La única manera de evitar la intelectual, como cualquier otra propiedad, es mantenerse alejados de ella. Si no queremos pedirle permiso al dueño de un coche para usarlo, lo más sencillo es que renunciemos a ese deseo. La alternativa, obvia, es robarlo, pero tampoco entonces habremos esquivado sus derechos, simplemente los habremos conculcado y habremos de arrostrar las consecuencias.
La transformación de obras de propiedad intelectual puede resultar en otras distintas, desde luego, pero para ello es imperativo disponer del consentimiento del titular de las primeras. Ya lo vimos al hablar de transformaciones ilícitas en otro artículo. Ciertamente se será titular de la nueva obra si es que la transformación consentida ha resultado en algo concebible como obra nueva, lo cual ni mucho menos ocurrirá siempre, pero la aquiescencia del titular de la obra antecedente seguirá siendo insoslayable para poder explotar la derivada.
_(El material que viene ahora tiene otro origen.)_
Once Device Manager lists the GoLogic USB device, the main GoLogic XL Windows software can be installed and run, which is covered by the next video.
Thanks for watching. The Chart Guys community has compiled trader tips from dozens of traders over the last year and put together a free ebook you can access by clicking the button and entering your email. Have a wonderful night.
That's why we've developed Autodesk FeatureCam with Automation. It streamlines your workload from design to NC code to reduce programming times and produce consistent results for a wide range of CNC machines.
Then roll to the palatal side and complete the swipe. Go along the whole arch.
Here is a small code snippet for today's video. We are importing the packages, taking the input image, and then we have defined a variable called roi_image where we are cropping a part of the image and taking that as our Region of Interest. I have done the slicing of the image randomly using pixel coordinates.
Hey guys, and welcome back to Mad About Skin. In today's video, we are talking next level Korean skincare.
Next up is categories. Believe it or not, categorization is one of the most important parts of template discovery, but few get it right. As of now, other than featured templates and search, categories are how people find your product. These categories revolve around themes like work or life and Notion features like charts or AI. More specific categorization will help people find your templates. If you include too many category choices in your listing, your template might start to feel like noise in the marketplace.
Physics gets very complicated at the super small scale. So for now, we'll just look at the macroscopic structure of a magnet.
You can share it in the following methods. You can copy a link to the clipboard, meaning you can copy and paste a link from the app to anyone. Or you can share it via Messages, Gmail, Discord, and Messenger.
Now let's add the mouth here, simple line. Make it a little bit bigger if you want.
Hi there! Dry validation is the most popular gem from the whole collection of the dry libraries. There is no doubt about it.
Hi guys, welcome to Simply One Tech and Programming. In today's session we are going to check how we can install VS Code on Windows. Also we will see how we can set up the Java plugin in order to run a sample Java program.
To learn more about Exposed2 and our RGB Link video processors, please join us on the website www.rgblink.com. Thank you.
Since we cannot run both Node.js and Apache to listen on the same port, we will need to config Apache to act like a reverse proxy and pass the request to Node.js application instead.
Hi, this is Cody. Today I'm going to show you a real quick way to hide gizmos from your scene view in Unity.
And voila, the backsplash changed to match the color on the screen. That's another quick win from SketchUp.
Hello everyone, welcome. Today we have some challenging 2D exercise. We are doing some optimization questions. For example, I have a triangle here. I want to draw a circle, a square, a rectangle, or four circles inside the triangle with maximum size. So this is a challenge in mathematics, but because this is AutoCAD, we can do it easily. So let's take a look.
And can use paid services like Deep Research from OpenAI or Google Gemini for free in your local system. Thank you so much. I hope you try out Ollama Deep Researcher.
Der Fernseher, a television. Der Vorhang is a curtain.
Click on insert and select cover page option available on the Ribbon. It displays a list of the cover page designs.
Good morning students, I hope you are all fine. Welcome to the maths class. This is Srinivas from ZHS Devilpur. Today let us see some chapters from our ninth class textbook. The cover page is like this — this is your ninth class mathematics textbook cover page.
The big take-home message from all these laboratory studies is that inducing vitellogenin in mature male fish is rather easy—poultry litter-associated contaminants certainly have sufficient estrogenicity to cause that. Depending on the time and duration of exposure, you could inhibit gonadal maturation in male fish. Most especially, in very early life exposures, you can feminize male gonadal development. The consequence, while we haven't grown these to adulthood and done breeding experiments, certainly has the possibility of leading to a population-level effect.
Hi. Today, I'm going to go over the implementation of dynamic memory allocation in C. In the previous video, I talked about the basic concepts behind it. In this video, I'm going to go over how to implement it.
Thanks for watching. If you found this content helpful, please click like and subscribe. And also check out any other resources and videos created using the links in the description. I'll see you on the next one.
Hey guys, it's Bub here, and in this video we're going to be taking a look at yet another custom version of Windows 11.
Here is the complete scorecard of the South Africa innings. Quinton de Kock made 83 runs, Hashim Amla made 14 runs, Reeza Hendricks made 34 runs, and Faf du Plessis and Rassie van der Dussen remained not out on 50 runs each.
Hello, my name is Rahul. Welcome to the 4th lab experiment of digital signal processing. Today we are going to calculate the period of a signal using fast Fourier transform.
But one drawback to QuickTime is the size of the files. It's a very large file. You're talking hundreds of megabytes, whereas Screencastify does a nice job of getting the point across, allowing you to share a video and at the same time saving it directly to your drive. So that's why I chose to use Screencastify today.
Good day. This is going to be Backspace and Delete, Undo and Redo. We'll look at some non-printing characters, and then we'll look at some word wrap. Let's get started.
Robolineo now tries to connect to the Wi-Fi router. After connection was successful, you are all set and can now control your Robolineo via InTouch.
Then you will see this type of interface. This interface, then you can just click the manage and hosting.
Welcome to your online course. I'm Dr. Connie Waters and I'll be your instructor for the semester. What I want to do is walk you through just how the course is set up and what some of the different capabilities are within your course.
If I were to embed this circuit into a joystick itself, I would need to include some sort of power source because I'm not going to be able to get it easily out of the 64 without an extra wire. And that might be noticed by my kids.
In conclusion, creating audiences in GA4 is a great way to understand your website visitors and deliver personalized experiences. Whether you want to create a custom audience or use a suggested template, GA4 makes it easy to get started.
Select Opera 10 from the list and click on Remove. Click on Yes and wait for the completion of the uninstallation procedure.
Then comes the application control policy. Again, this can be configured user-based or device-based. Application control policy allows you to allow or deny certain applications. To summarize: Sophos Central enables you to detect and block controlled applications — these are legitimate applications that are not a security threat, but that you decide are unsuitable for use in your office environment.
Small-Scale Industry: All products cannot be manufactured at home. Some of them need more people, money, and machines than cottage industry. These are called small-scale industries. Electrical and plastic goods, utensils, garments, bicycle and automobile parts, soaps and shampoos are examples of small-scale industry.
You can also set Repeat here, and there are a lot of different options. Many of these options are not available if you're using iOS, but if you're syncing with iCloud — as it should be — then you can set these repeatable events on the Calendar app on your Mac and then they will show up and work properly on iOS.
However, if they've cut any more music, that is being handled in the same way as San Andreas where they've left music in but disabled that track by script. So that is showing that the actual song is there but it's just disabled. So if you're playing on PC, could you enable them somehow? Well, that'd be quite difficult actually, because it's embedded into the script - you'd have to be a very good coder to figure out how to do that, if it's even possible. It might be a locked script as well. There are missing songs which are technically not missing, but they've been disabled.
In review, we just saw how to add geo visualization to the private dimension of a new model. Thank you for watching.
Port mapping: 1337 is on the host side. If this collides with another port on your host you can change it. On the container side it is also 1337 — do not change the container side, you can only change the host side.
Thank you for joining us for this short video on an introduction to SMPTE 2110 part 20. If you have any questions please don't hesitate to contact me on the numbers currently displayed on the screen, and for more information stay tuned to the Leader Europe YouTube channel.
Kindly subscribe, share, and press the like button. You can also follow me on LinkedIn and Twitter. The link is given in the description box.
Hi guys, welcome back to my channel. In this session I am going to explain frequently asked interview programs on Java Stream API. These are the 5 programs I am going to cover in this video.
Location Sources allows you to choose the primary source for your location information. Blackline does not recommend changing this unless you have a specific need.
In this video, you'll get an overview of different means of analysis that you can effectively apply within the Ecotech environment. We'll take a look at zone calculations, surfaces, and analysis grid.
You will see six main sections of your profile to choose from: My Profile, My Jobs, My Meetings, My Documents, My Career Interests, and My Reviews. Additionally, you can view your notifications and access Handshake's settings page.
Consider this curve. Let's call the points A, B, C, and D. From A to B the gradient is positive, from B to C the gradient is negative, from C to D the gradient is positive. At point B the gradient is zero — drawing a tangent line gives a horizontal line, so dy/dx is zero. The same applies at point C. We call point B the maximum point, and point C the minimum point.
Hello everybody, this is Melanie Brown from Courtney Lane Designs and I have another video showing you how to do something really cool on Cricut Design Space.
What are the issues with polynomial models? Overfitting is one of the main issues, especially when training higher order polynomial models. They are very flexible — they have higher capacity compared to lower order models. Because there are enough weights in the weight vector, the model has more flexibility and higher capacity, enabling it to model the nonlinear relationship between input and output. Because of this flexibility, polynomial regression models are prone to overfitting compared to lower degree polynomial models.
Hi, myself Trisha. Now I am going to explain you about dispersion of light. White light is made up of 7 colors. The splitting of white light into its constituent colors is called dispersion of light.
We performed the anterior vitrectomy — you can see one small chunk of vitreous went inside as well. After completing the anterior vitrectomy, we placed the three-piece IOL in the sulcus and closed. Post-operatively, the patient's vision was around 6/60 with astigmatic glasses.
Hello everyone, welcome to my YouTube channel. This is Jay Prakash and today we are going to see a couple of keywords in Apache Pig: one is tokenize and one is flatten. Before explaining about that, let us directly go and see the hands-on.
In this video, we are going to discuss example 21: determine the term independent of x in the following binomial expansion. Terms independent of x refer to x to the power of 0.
Es un dislate pretender burlar al titular de una obra mediante el expediente de alterarla en mayor o menor medida. En primer lugar, porque alterar una obra ajena puede ser un atentado contra los derechos morales de su autor. Lo vimos también al hablar de un cuadro de Rembrandt, en otro artículo. En segundo lugar, porque en el mejor de los casos retornaríamos a la transformación mencionada en el párrafo anterior.
Tanto da que recortemos la duración de una música eliminando compases, o que, como sea, cercenemos o contraigamos una fotografía, una película, un poema, etc. Solo si reducimos la obra en cuestión a alguno de los elementos que la conformen, hasta despojarla de la sustantividad y distintividad que, singularizándola, la dotan de entidad, podremos eludir, por fin, los derechos ajenos. Claro que el resultado no será una obra de propiedad intelectual y no podremos reclamar sobre eso ninguna titularidad ni privilegio. Algunos acordes musicales, unas cuantas frases comunes, eso será todo. Nadie es dueño de lo que no es apropiable. Y esto también lo vimos al hablar de registrar las ocurrencias de cada cual, en otro artículo.
Las nociones que hemos ido diseminando en las entregas de esta sección no son solo válidas en sí mismas sino que, como puede comprobarse, asociadas contribuyen a despejar mitos que atañen a muchas de ellas.